I am trying to parse screen-scraped data using Zend_Dom_Query, but I am struggling how to apply it properly for my case, and all other answers I have seen on SO make assumptions that quite frankly scare me with their naiveté.
A typical example is How to Pass Array from Zend Dom Query Results to table where pairs of data points are being extracted from the documents body through the use of separate calls to the query()
method.
$year = $dom->query('.secondaryInfo');
$rating = $dom->query('.ratingColumn');
Where the underlying assumptions are that an equal number of $year
and $rating
results exist AND that they are correctly aligned with each other within the document. If either of those assumptions are wrong, then the extracted data is less than worthless - in fact it becomes all lies.
In my case I am trying to extract multiple chunks of data from a site, where each chunk is nominally of the form:
<p class="main" atrb1="value1">
<a href="#1" >href text 1</a>
<span class="sub1">
<span class="span1"></span>
<span class="sub2">
<span class="span2">data span2</span>
<a href="#2">href text 2</a>
</span>
<span class="sub3">
<span class="span3">
<p>Some other data</p>
<span class="sub4">
<span class="sub5">More data</span>
</span>
</span>
</span>
</span>
</p>
For each chunk, I need to grab data from various sections:
- ".main"
- ".main a"
- ".main .span2"
- ".main .sub2 a"
- ".main .span3 p"
- etc
And then process the set of data as one distinct unit, and not as multiple collections of different data.
I know I can hard code the selection of each element (and I currently do that), but that produces brittle code reliant on the source data being stable. And this week the data source yet again changed and I was bitten by my hard coded scraping failing to work. Thus I am trying to write robust code that can locate what I want without me having to care/know about the overall structure (Hmmm - Linq for php?)

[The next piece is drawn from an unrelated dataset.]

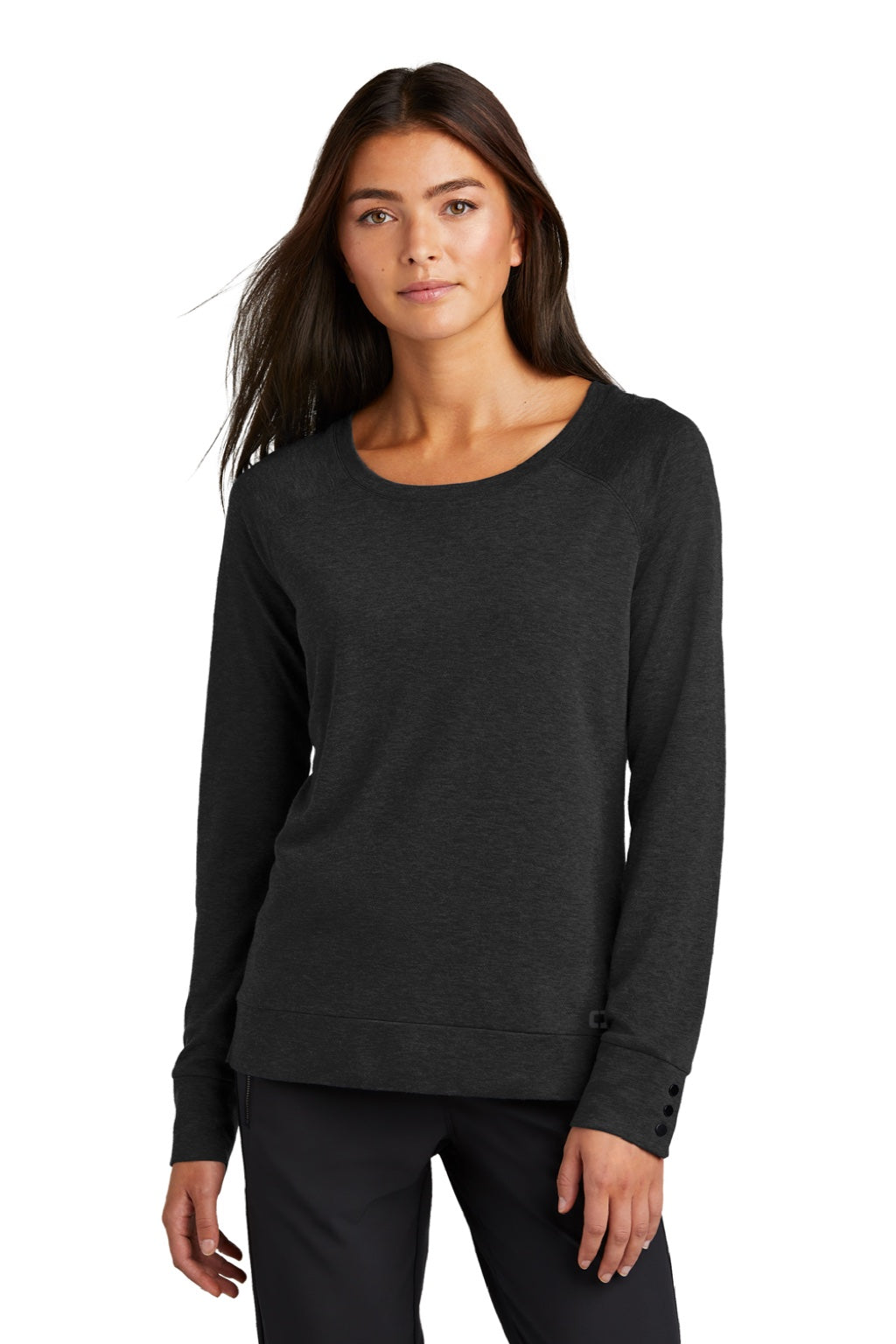 Ogio LOG150 Womens Command Long Sleeve Scoop Neck T-Shirt Blacktop Model Front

So in my mind, I want the code to look something like
$dom = new Zend_Dom_Query($body);
$results = $dom->query('.main');
foreach ($results as $result)
{
$data1 = $result->query(".main a");
$data2 = $result->query(".main .span2");
$data3 = $result->query(".main .sub a");
etc
if ($data1 && $data2 && $data3) {
Do something
} else {
Do something else
}
}
Is it possible to do what I want with stock Zend/PHP function calls? Or do I need to write some sort of custom function to implement $result->query()
?